• TASK DETAILS:
After locating the line that contains "102 Clifton Ridge Drive, Pikeville, NC 27863", output that line and each one following it, exactly, to the end of the entries. No pictures.

• RECORDS FOR PROCESSING:
********************
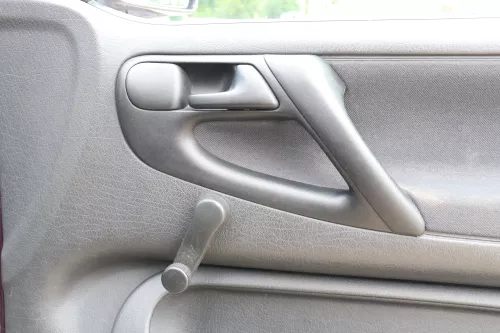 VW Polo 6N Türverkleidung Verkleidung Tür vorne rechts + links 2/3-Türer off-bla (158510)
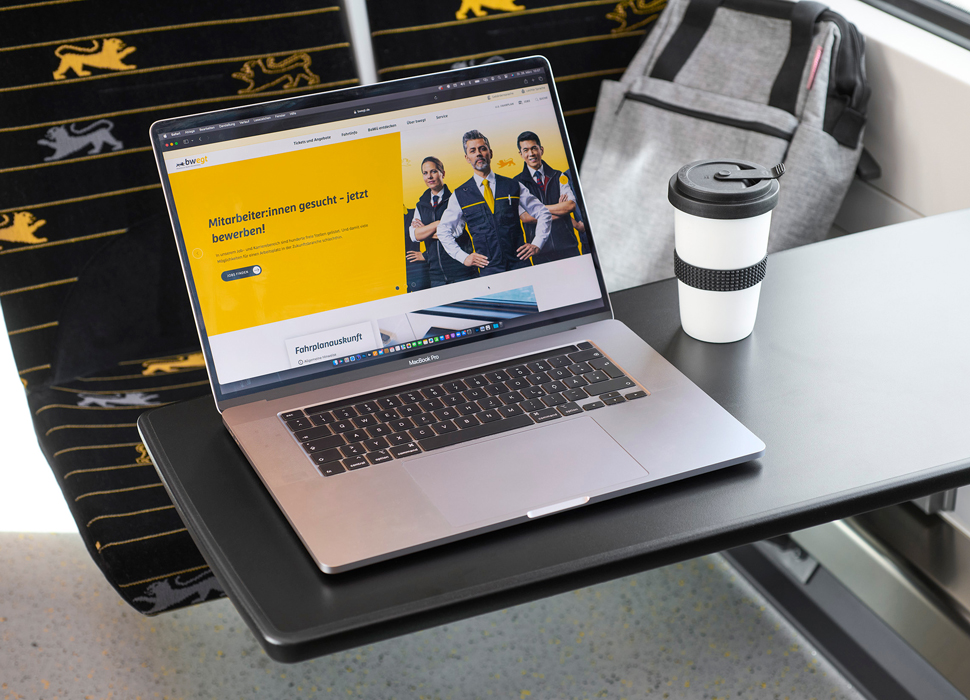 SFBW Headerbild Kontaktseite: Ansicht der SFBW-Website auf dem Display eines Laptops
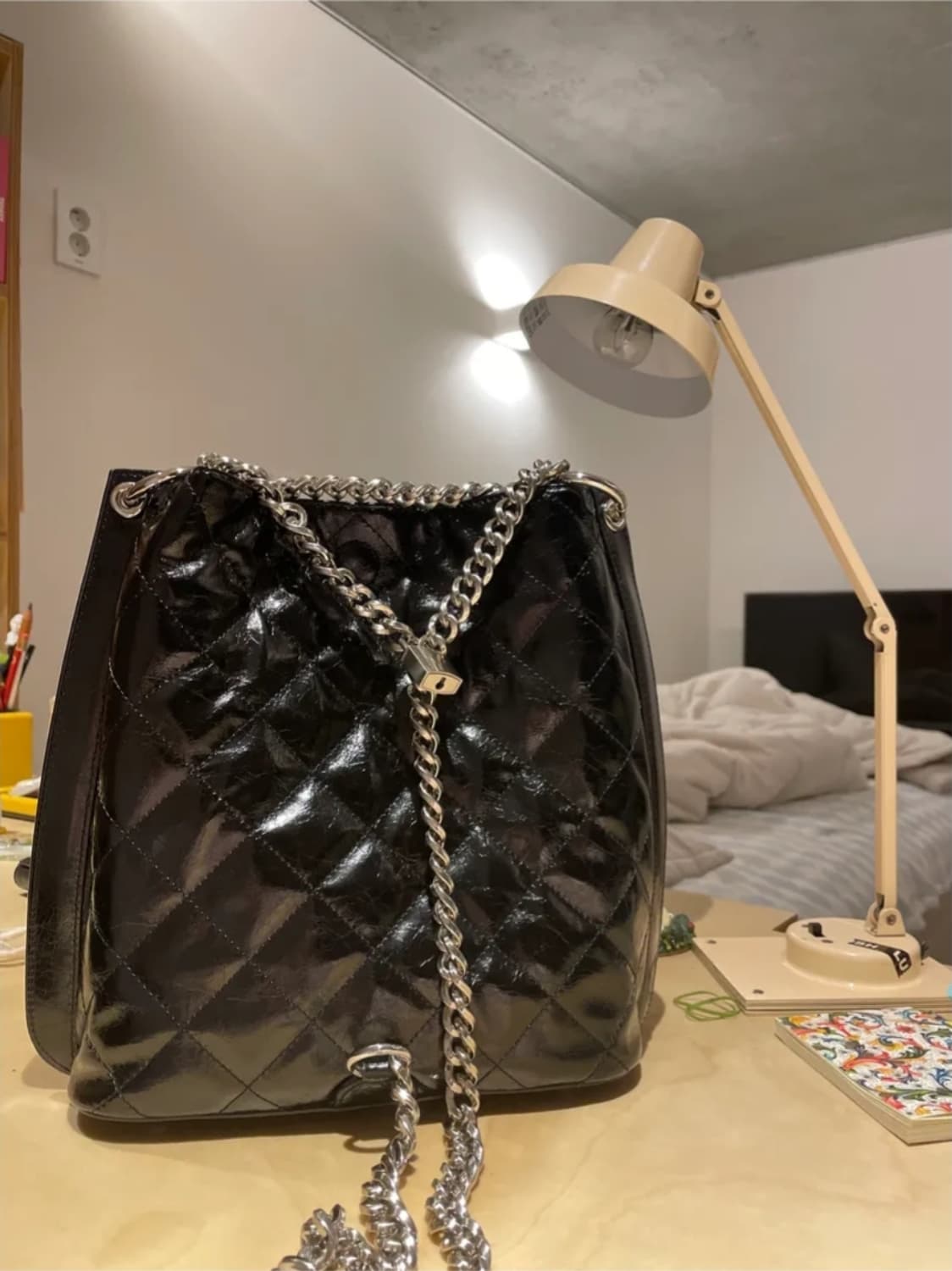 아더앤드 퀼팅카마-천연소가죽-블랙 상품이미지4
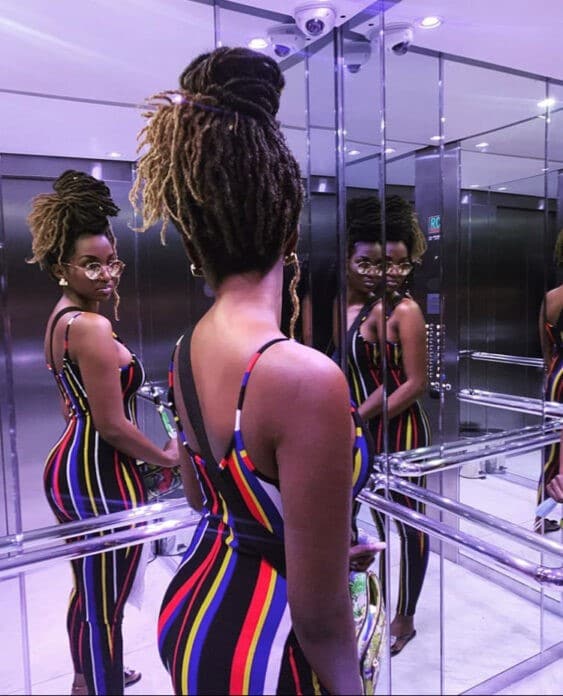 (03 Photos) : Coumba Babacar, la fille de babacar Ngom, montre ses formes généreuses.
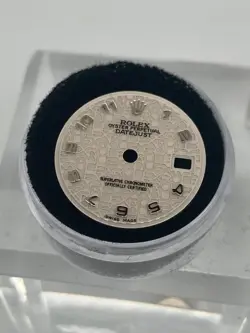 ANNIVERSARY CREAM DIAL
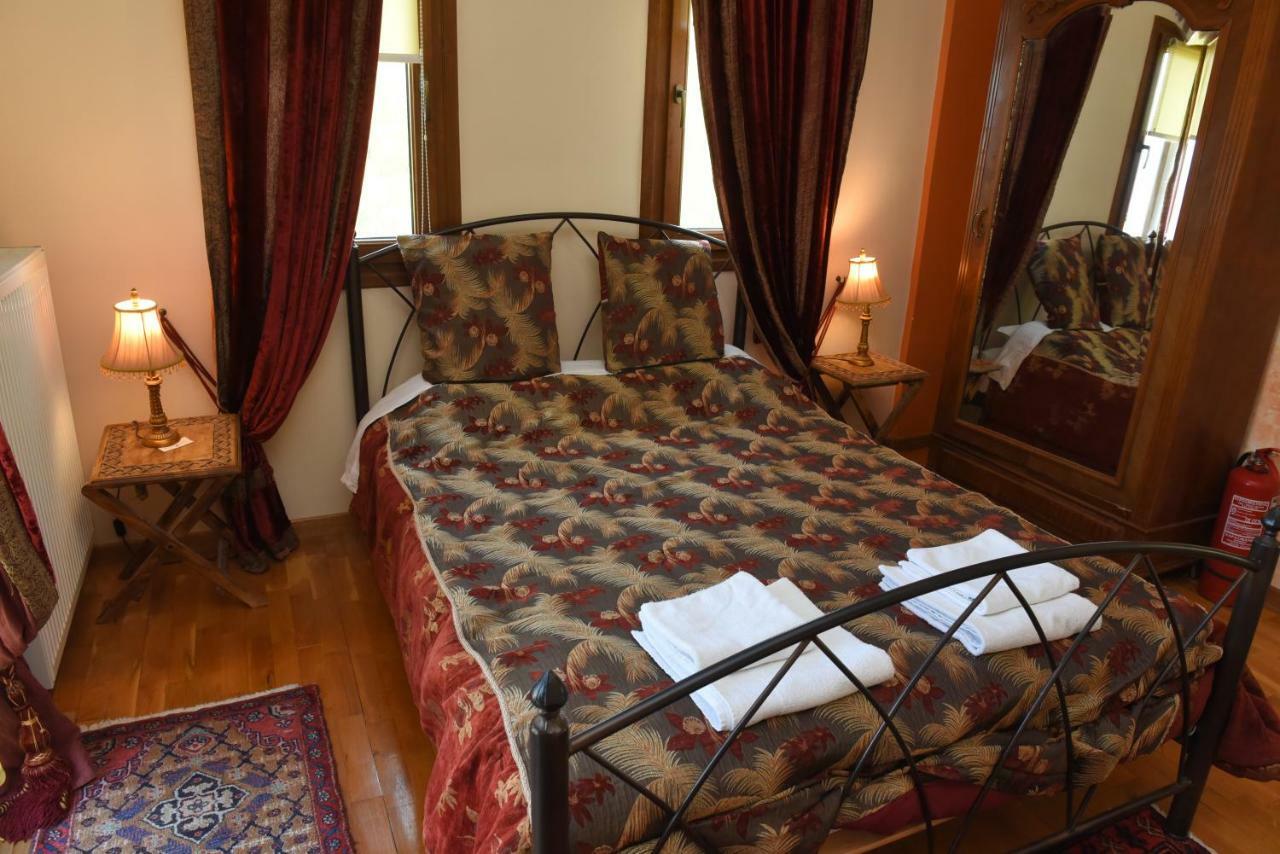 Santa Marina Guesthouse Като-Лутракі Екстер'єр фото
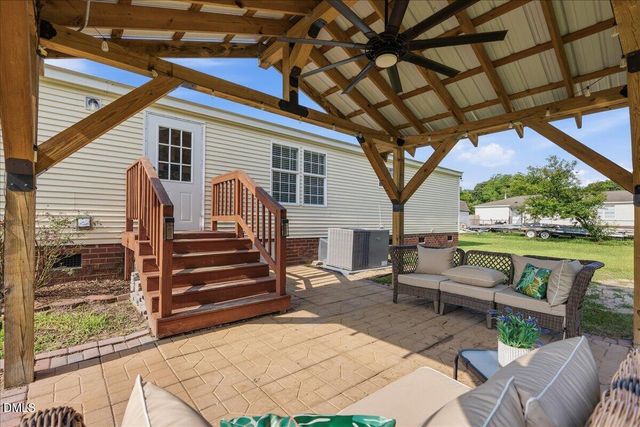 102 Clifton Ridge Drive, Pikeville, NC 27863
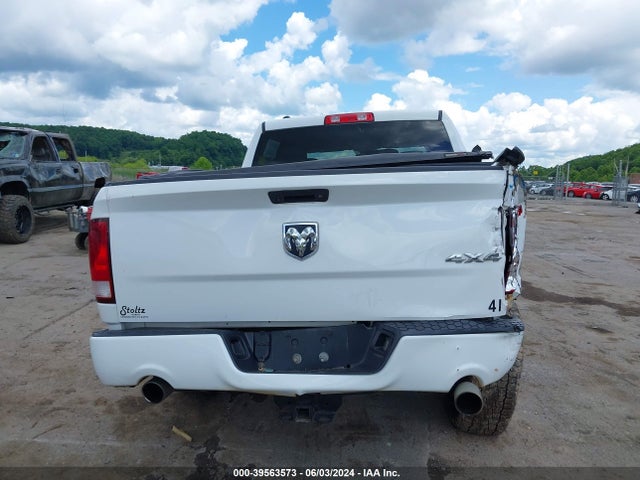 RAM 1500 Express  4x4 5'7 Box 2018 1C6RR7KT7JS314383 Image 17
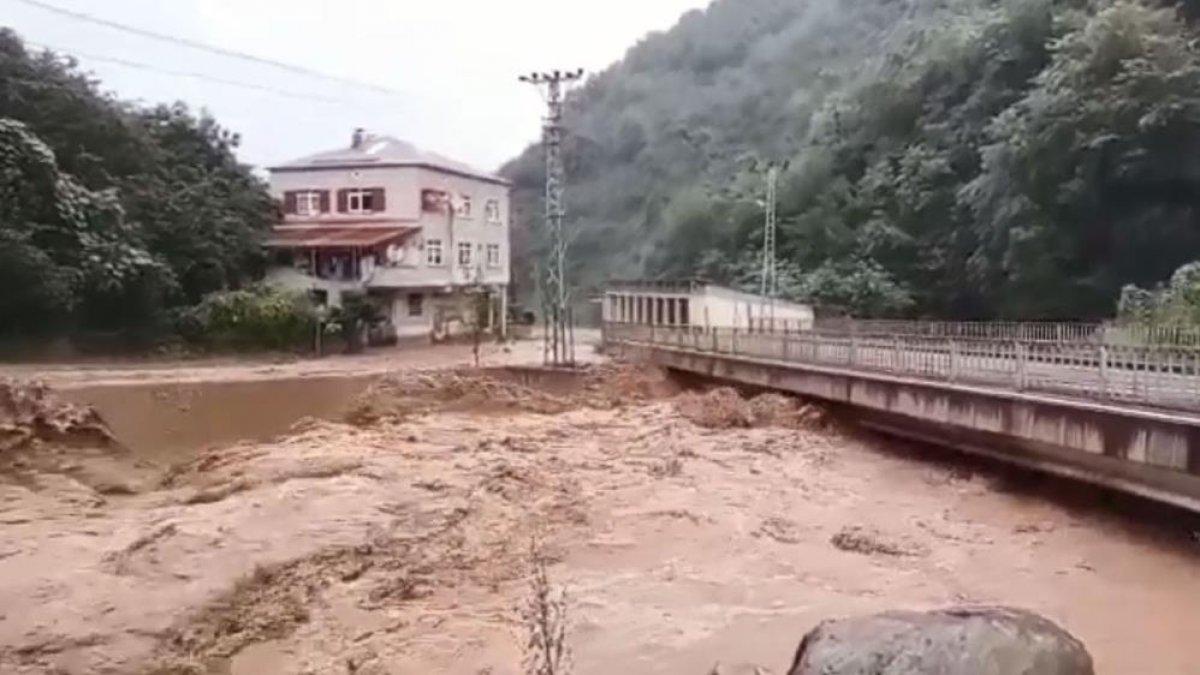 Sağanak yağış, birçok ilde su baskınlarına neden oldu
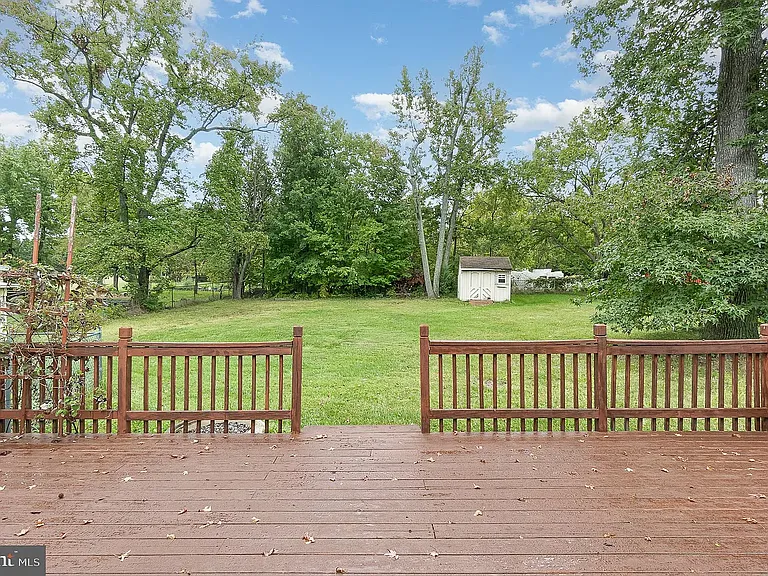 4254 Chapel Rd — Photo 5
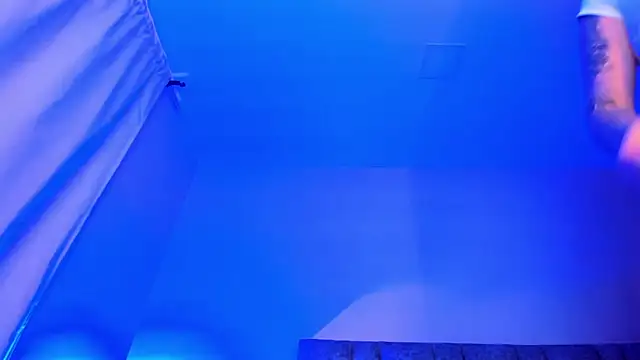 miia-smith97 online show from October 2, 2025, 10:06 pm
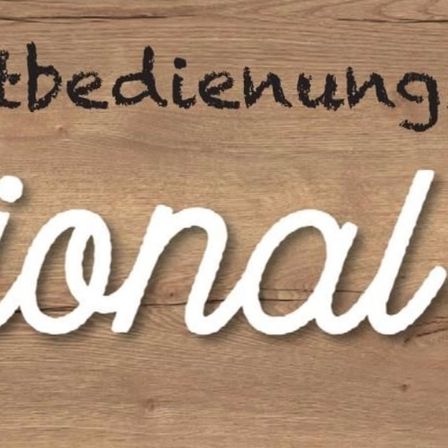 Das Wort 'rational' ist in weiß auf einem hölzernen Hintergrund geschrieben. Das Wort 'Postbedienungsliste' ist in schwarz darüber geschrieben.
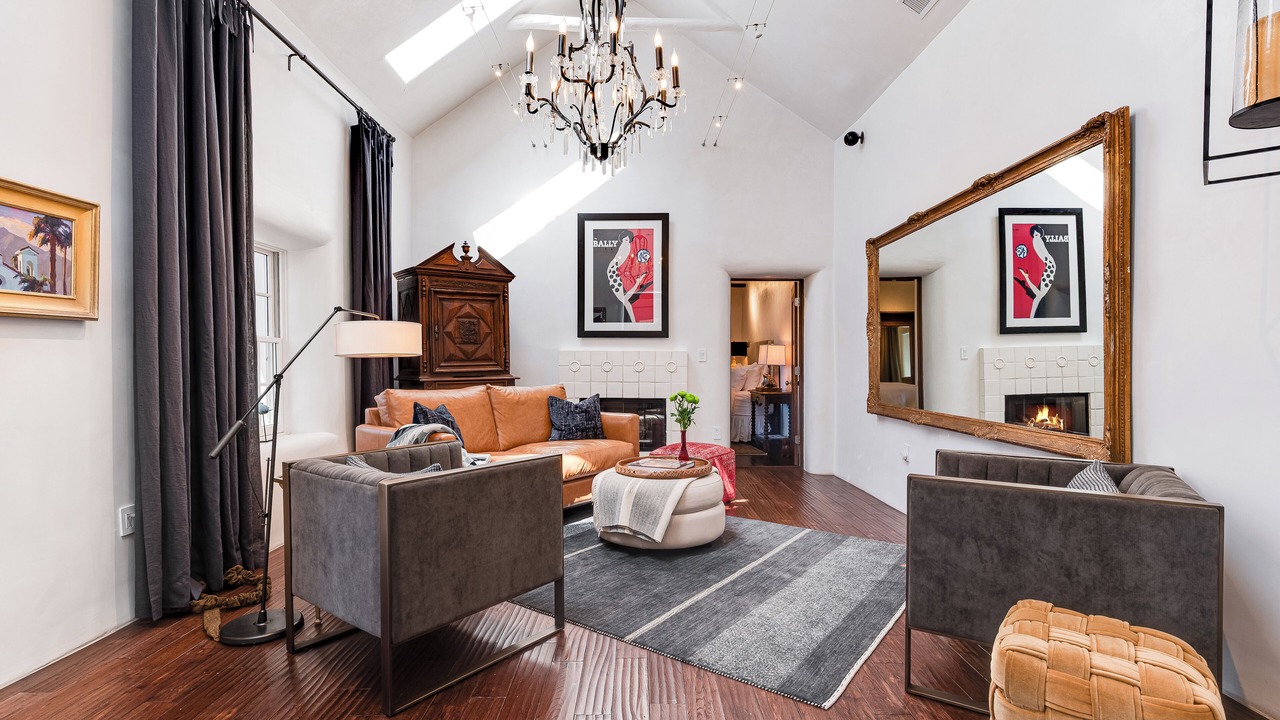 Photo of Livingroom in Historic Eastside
********************
• RESULT OF THE TASK:
 102 Clifton Ridge Drive, Pikeville, NC 27863
 RAM 1500 Express  4x4 5'7 Box 2018 1C6RR7KT7JS314383 Image 17
 Sağanak yağış, birçok ilde su baskınlarına neden oldu
 4254 Chapel Rd — Photo 5
 miia-smith97 online show from October 2, 2025, 10:06 pm
 Das Wort 'rational' ist in weiß auf einem hölzernen Hintergrund geschrieben. Das Wort 'Postbedienungsliste' ist in schwarz darüber geschrieben.
 Photo of Livingroom in Historic Eastside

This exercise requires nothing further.